McConaughey and Phillipe carry these roles in The Lincoln Lawyer. Beyond these two, there is just about more acting talent than in any film in the last decade. Almost to a person, they bring their “A” games. Why? Courtroom dramas give plenty of gristle on which to chew. The one with the best gams here is McConaughey. He is pitch perfect as the pompous, smarmy lawyer with many connections and low morals. He has played this role almost his entire career, and he has it down. While not as powerful as Oldman’s crazed performance in Criminal Law, he is very good as the Tom Cruise of lawyers. From the R&B classic “Ain’t No Love In The Heart of The City,” we’re driven to the beat of Mickey Haller’s drum as the smooth talking lawyer of small time criminals. He’s got a lot of things going on, and you very quickly realize he uses these sources on each other. You also get a sense of community, too. He’s not entirely a bad guy, he just gets the “kind of” bad guys out with a slap on the wrists.

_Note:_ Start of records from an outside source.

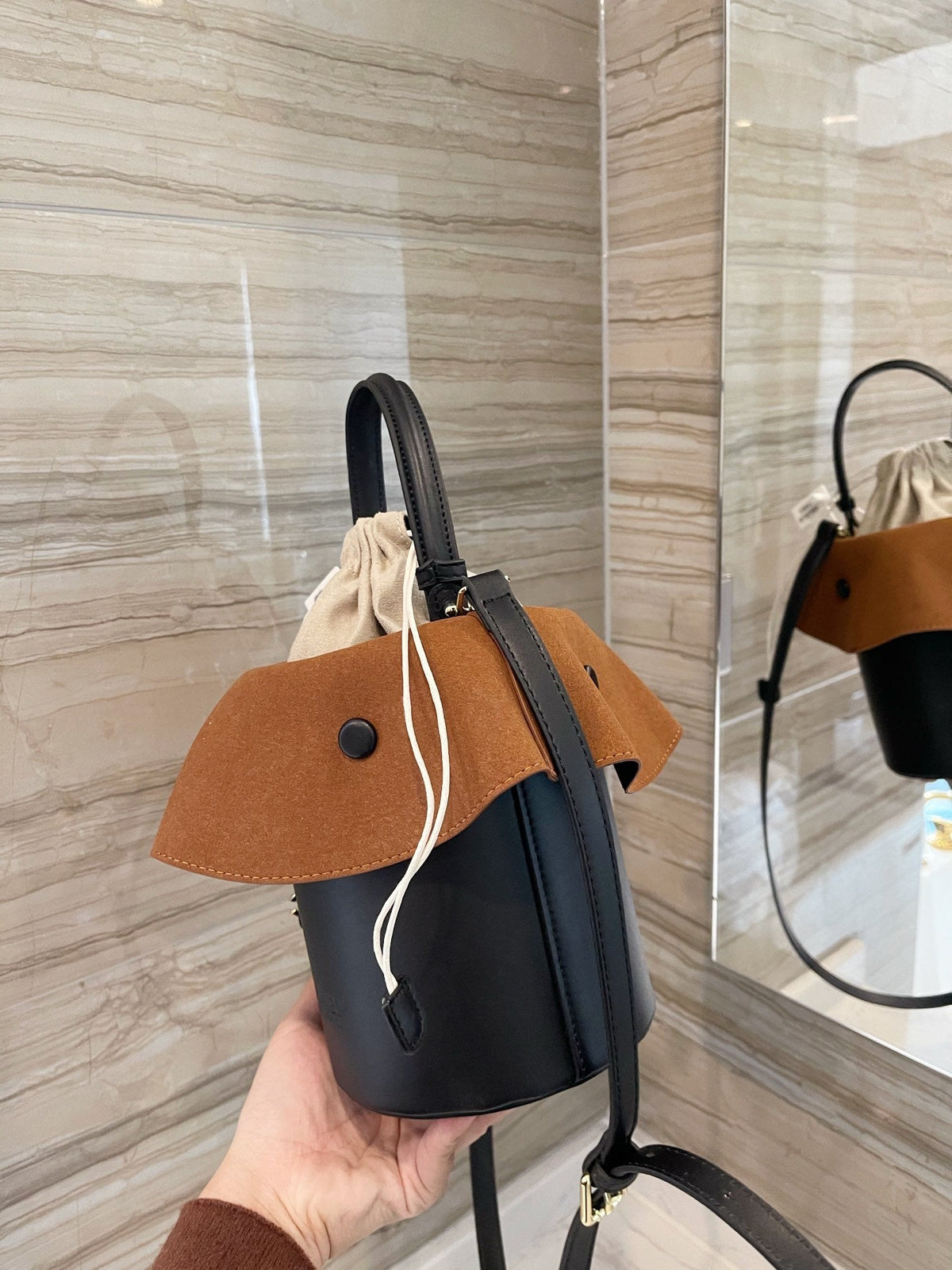 Anum Bags Detail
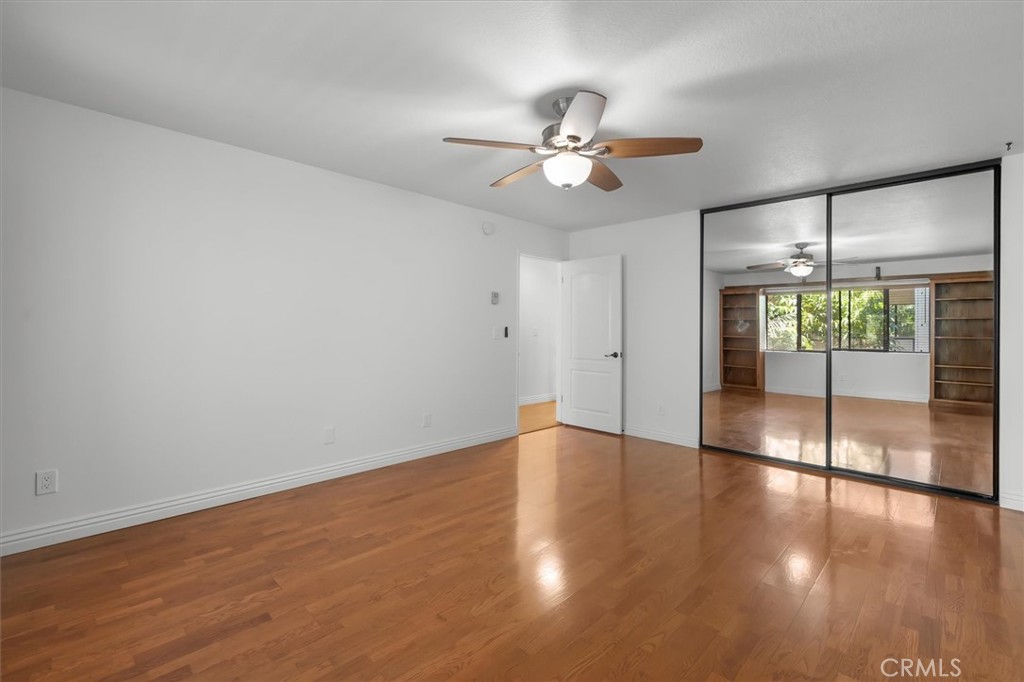 2800 Baywater Avenue 6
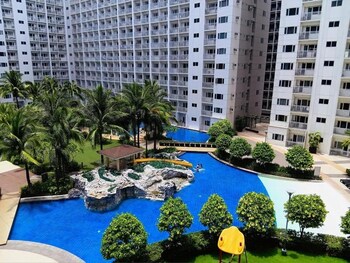 shore residences moa staycation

Given a tip on a hard case that could be a rainmaker, of sorts, he is drawn into a case with a spoiled 32-year-old (Phillipe) who is accused of assaulting a prostitute. This looks great at first, but invariably leads to the “He might have done it. I think he did it. Yep, he did it.” routine. This is a serviceable plot, to be sure, but it ain’t going to win anyone any awards. Phillipe, in particular, is unremarkable. His petulant rich boy does not ever come across as anything resembling innocence. Contrasted with Norton from Primal Fear, in particular, his performance wanes considerably.

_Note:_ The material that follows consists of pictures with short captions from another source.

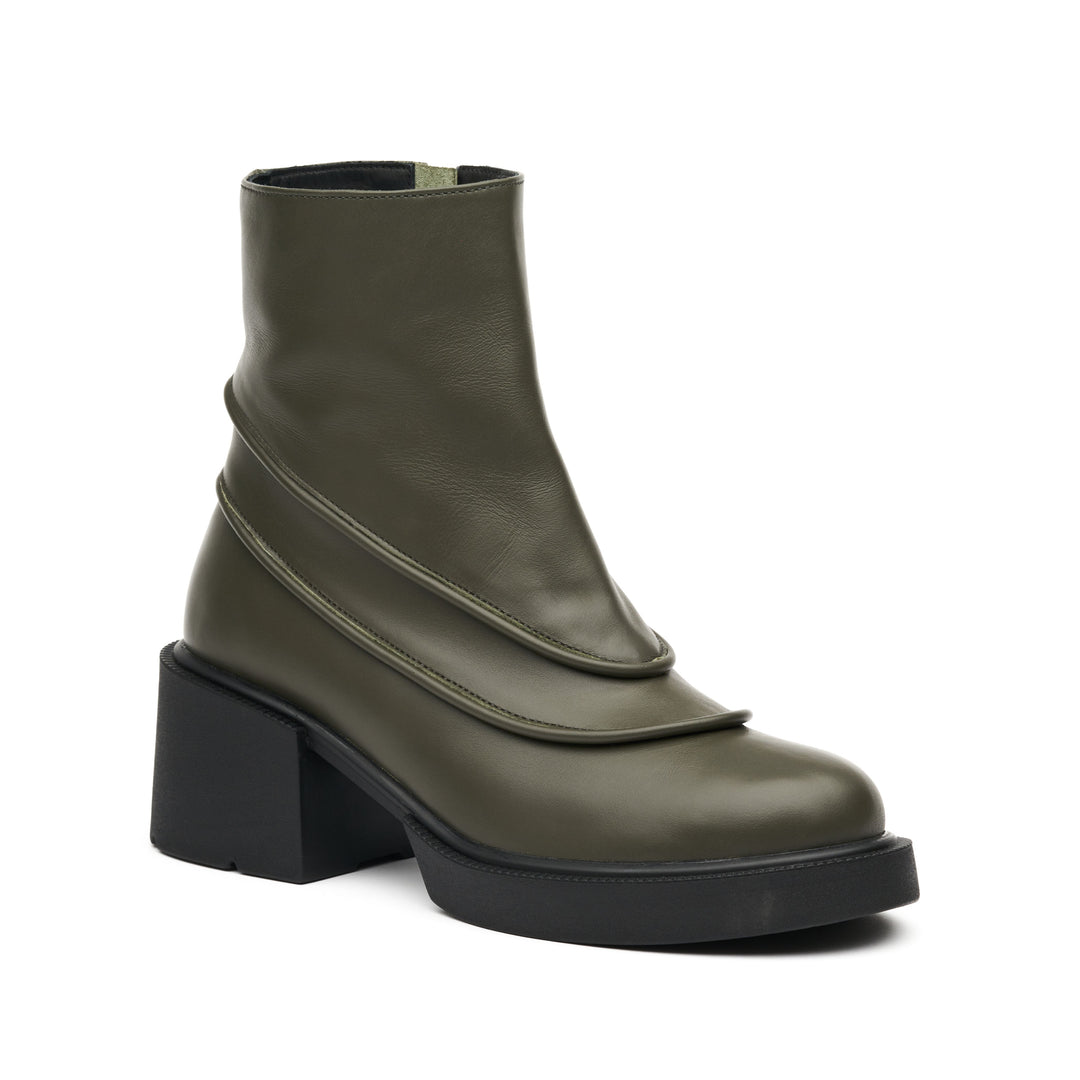 "Voyage Boots in Moss"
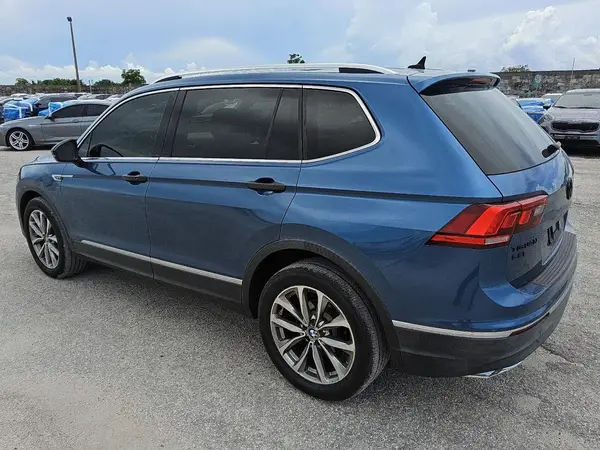 3VV3B7AX6JM036691 2018 VOLKSWAGEN TIGUAN - Image 2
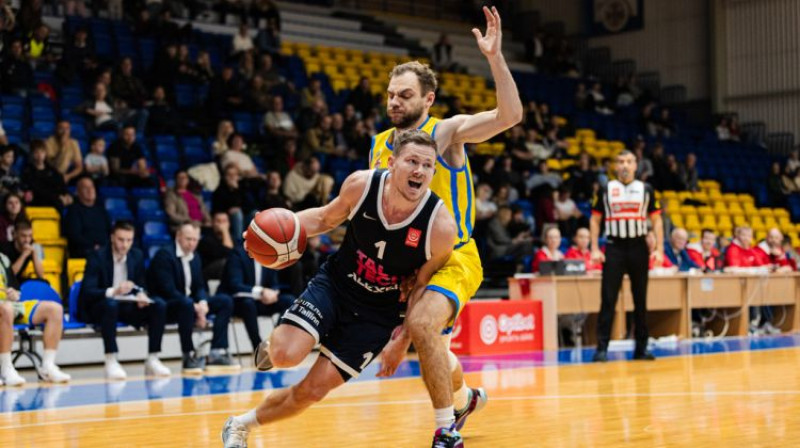 Sīms Posts pret Renāru Birkānu. Foto: Dāvis Lejasmeiers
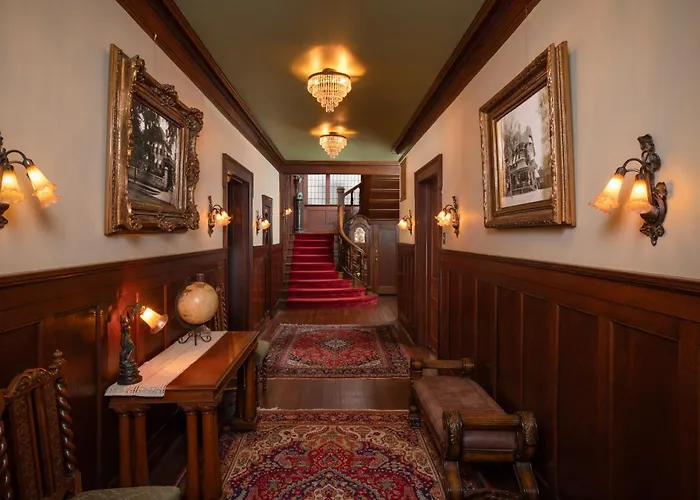 Bed and Breakfast 300 Clifton Minneapolis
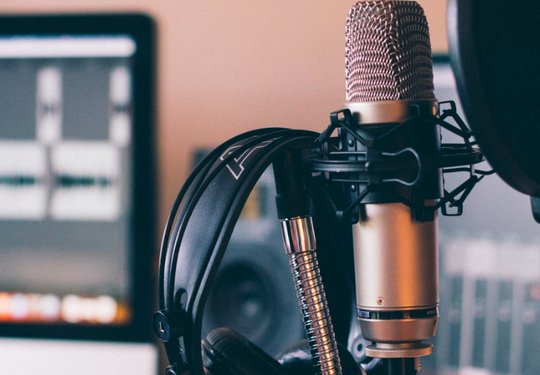 Die Absetzung der Sendung hat scharfe Kritik von verschiedenen Kulturorganisationen ausgelöst... (Bild: Screenshot srgd.ch)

The rest of the performances, from Tomei as Mickey’s still smitten (and who wouldn’t be?) ex-wife, William H. Macy as his resourceful investigator, to Frances Fisher’s rich mother, are rather ornate window dressing. It feels a touch like having a whole baseball team of number 3 hitters.
Director Furman has a rather distinctive style. His pacing is taut and he doesn’t linger over obvious territory. He puts as many style points as possible into this retread of material, kind of like Aerosmith taking a Rolling Stones riff, giving it their own stamp, and calling it “Sweet Emotion.” Sure it’s been done before, but the familiar groove feels right no matter the decade.